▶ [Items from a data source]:
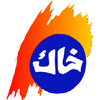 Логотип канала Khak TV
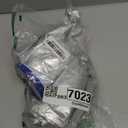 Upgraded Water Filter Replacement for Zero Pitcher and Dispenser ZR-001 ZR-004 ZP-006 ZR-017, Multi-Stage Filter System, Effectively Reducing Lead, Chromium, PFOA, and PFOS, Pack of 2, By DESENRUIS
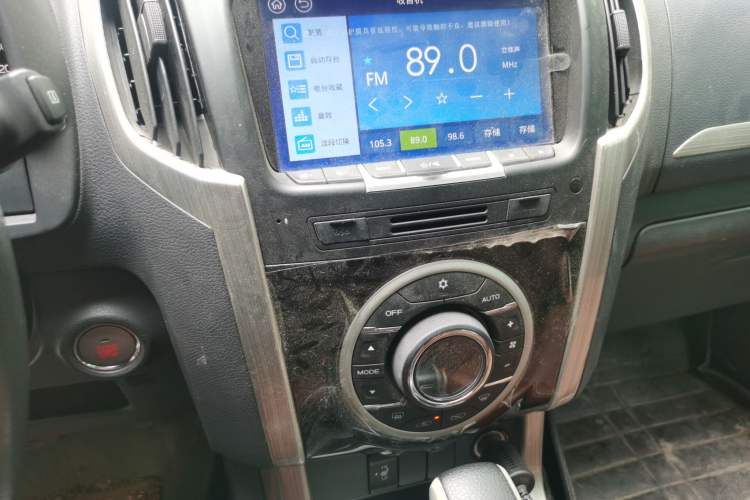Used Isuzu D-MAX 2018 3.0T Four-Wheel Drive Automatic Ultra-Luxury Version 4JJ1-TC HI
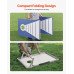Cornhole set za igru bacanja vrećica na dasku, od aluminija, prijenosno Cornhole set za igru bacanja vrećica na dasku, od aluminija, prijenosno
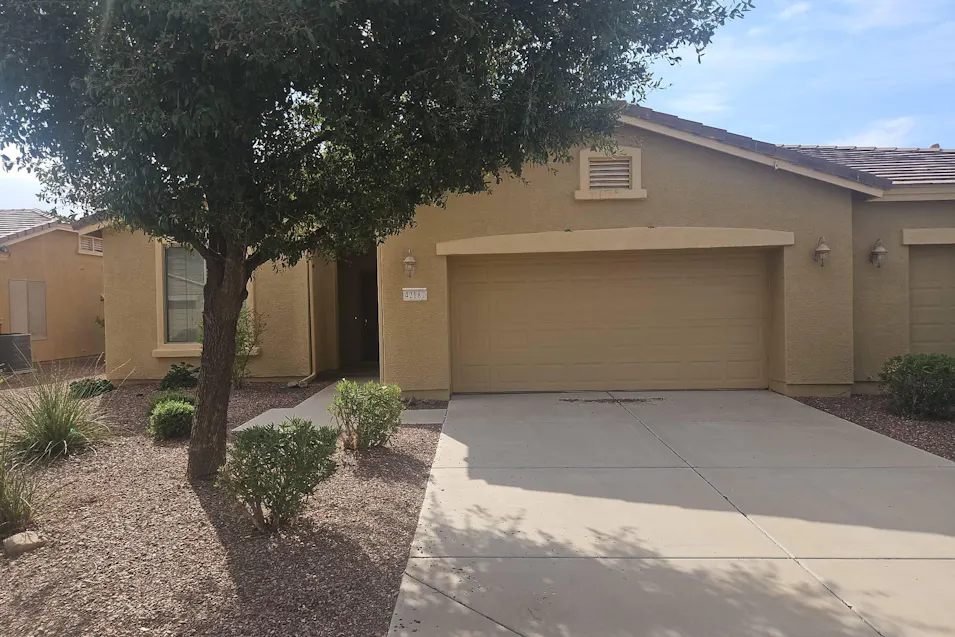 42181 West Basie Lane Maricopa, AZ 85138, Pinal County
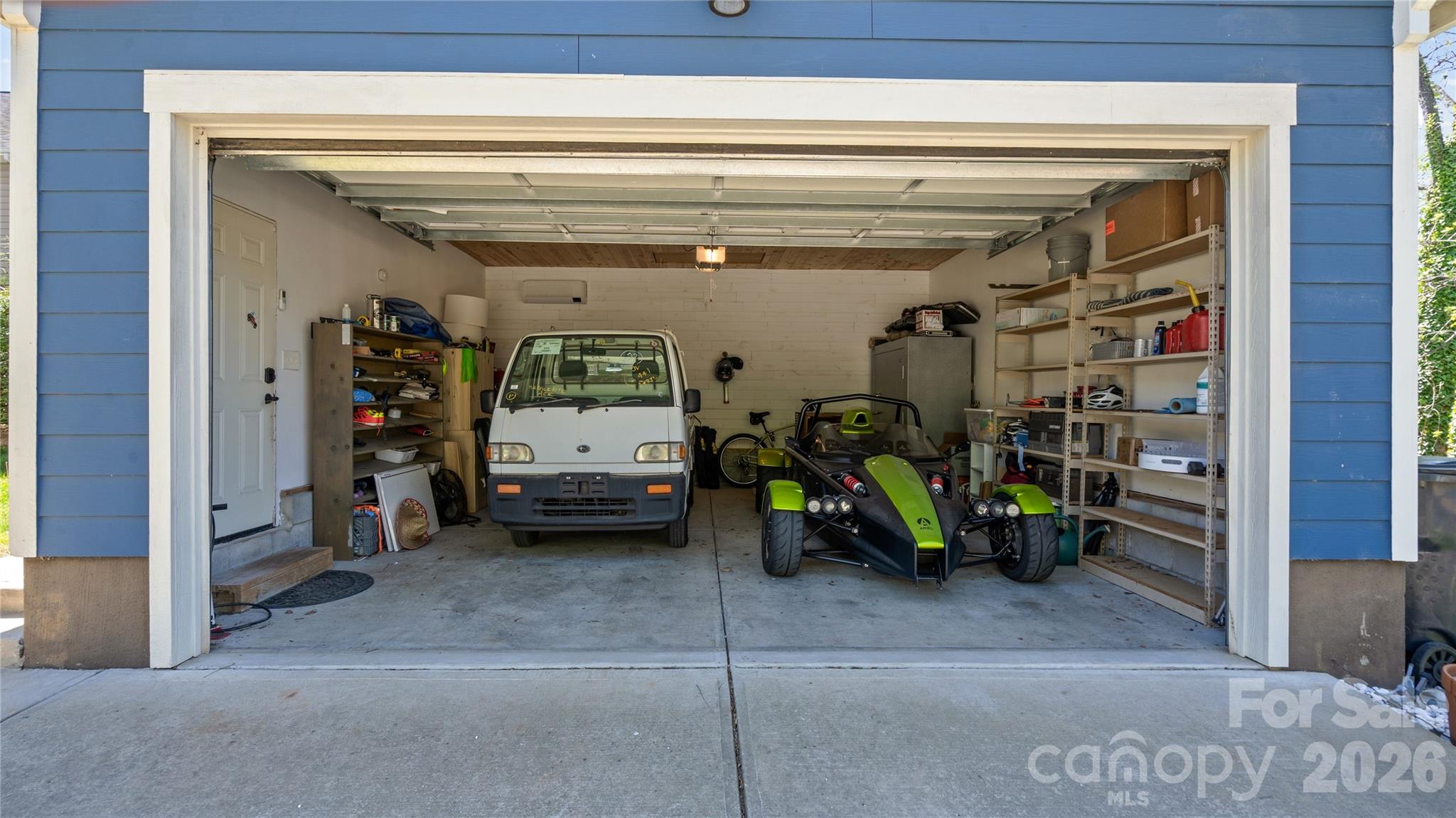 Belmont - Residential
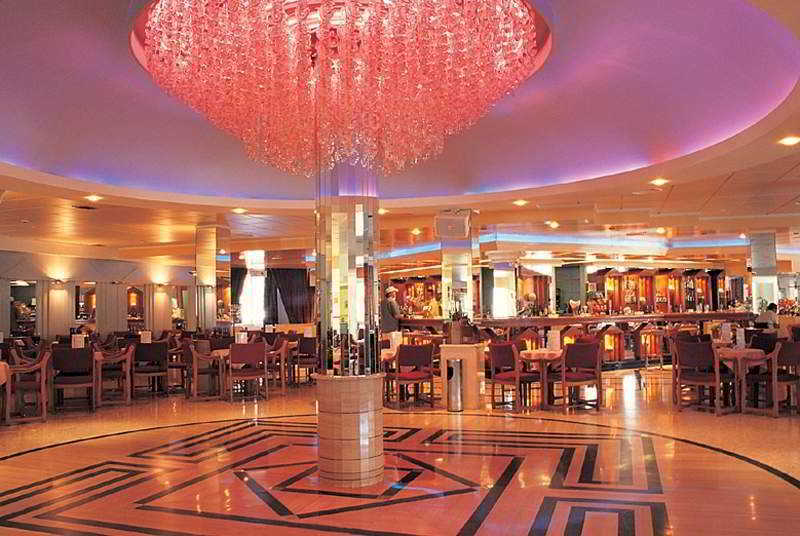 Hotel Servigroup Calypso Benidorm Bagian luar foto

▶ [REQUIRED WORK]: Pictures stay out of this copy. Retype exactly the lines from the one with "aluminija, prijenosno Cornhole" through the last line of the data, both ends included, and nothing more.

▶ [TASK OUTPUT]:
Cornhole set za igru bacanja vrećica na dasku, od aluminija, prijenosno Cornhole set za igru bacanja vrećica na dasku, od aluminija, prijenosno
 42181 West Basie Lane Maricopa, AZ 85138, Pinal County
 Belmont - Residential
 Hotel Servigroup Calypso Benidorm Bagian luar foto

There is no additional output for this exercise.